DATA RECORDS>
□ □ □

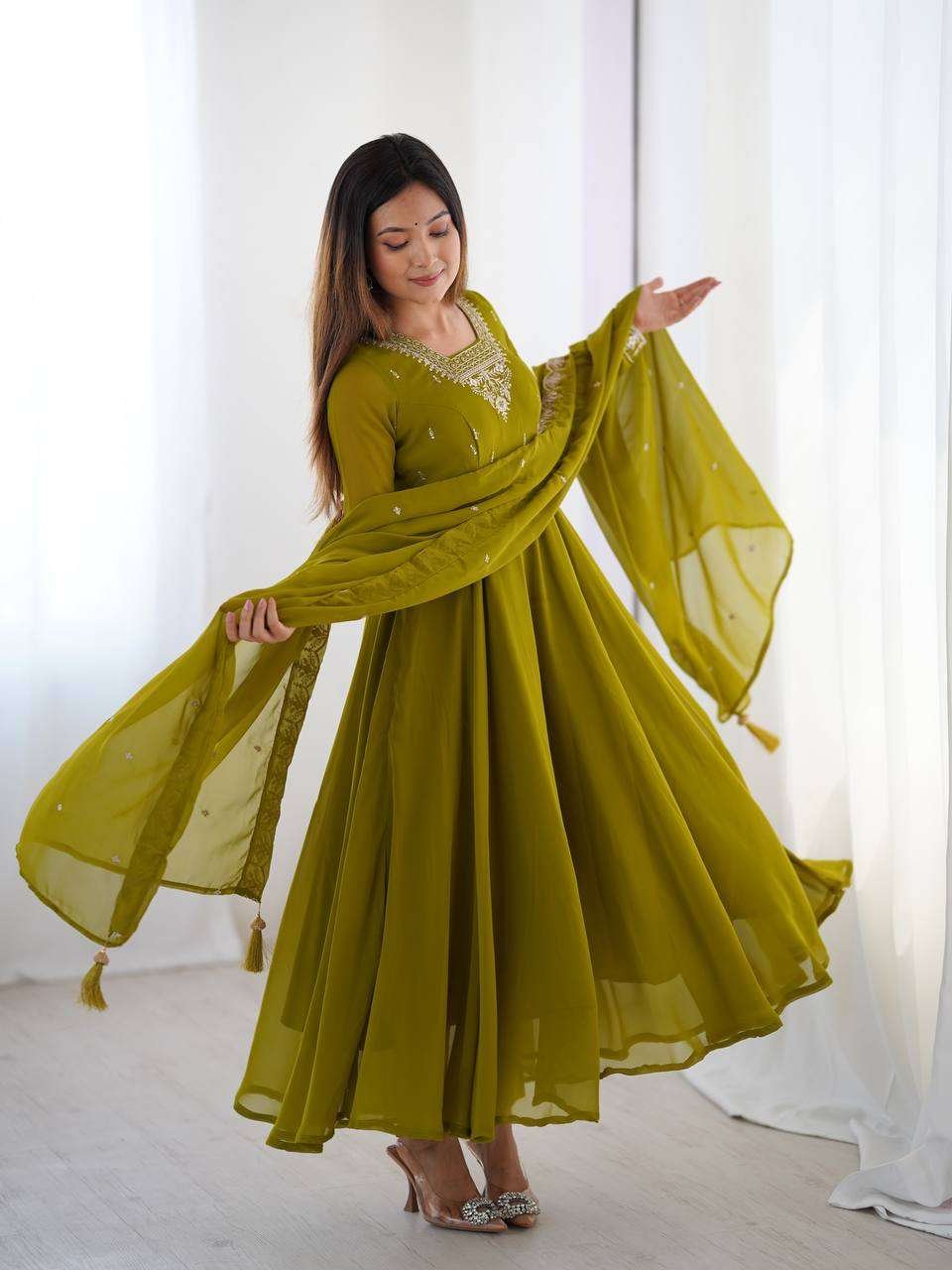 Womens Fox Georgette Anarkali Kurti with Pant & Dupatta Set (Copy)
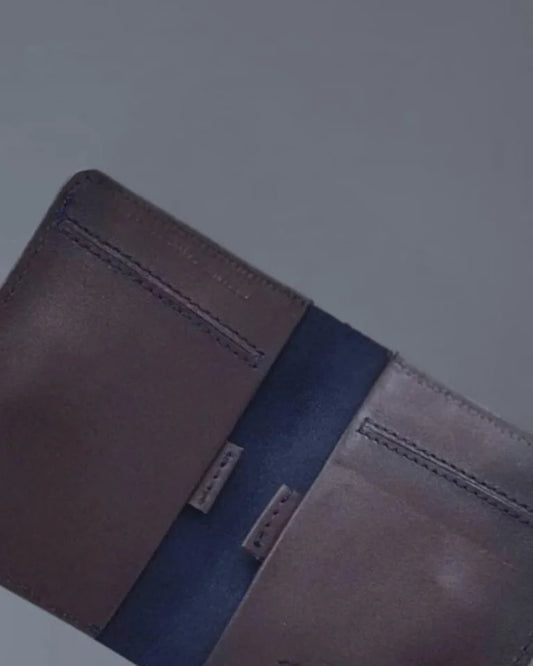 Genuine Leather Card Holder – Sleek & Stylish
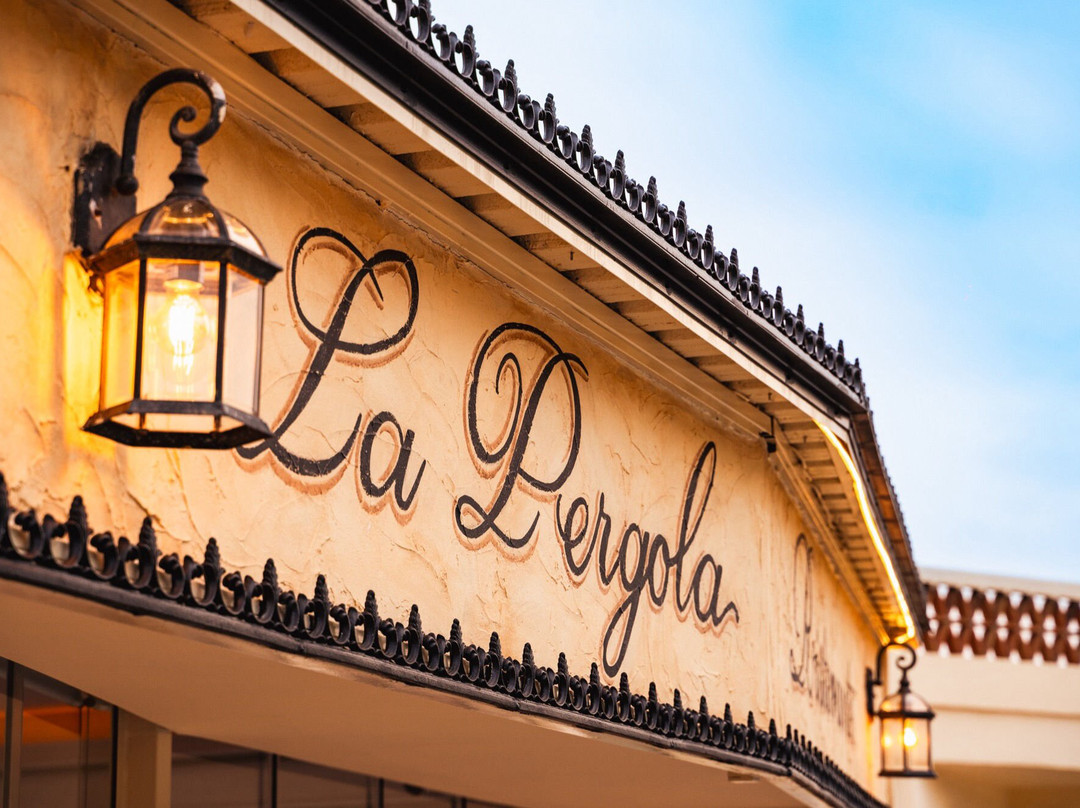 米哈斯餐馆和美食-La Pergola Ristorante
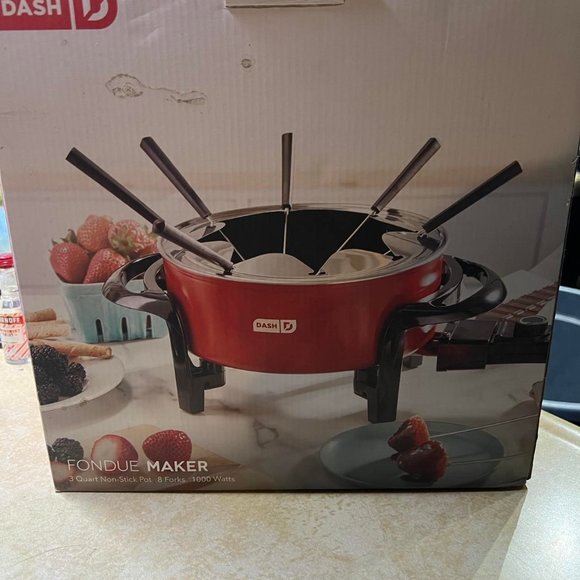 Dash Kitchen Dash Fondue Maker Poshmark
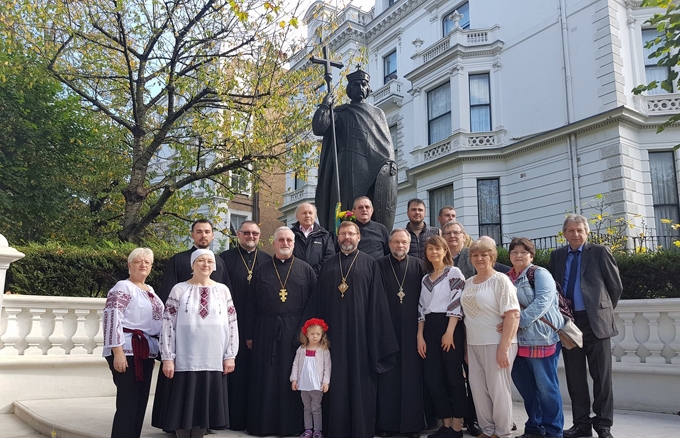 Блаженніший Святослав поставив квіти до пам’ятника св. Володимира у Лондоні (ВІДЕО)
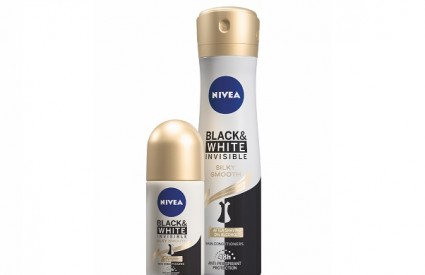 NIVEA Black & White Invisible Silky Smooth dezodorans 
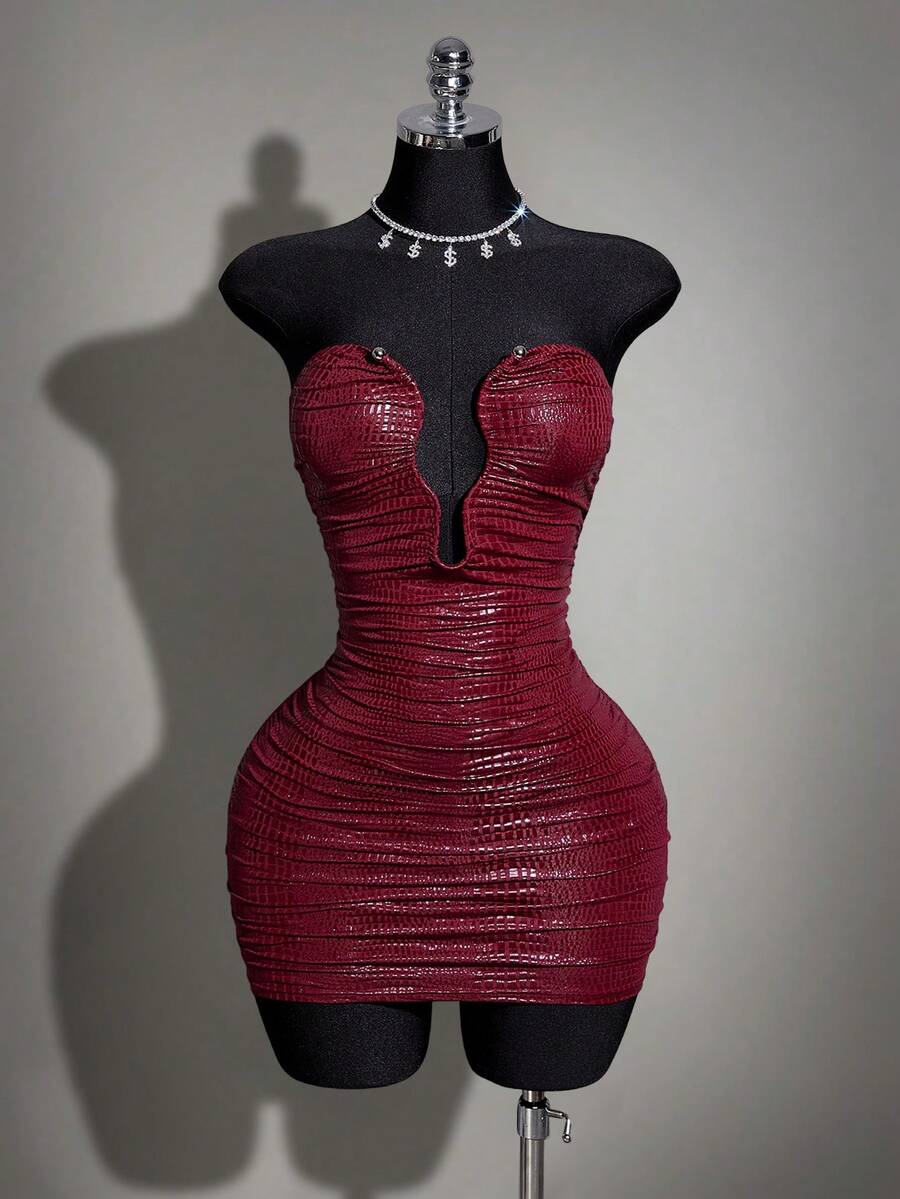 SHEIN ICON 女士修身连衣裙，镂空领口，金属装饰 - 酒紅色 - 查看 1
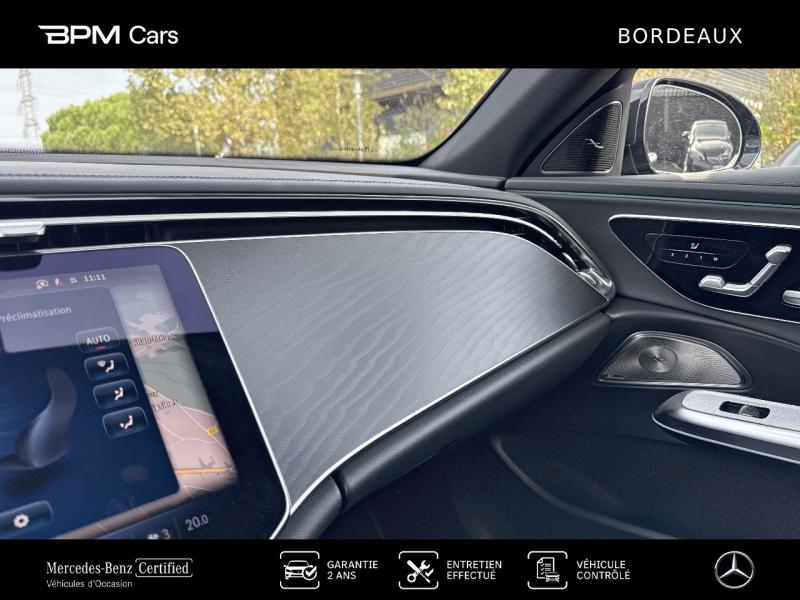 Image MERCEDES-BENZ Classe E 300 d e Hybrid EQ 197+129ch AMG Line 9G-Tronic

□ □ □

YOUR ASSIGNMENT>
Your task is to reproduce every record exactly while omitting the pictures.

SOLUTION TO THIS EXERCISE>
 Womens Fox Georgette Anarkali Kurti with Pant & Dupatta Set (Copy)
 Genuine Leather Card Holder – Sleek & Stylish
 米哈斯餐馆和美食-La Pergola Ristorante
 Dash Kitchen Dash Fondue Maker Poshmark
 Блаженніший Святослав поставив квіти до пам’ятника св. Володимира у Лондоні (ВІДЕО)
 NIVEA Black & White Invisible Silky Smooth dezodorans 
 SHEIN ICON 女士修身连衣裙，镂空领口，金属装饰 - 酒紅色 - 查看 1
 Image MERCEDES-BENZ Classe E 300 d e Hybrid EQ 197+129ch AMG Line 9G-Tronic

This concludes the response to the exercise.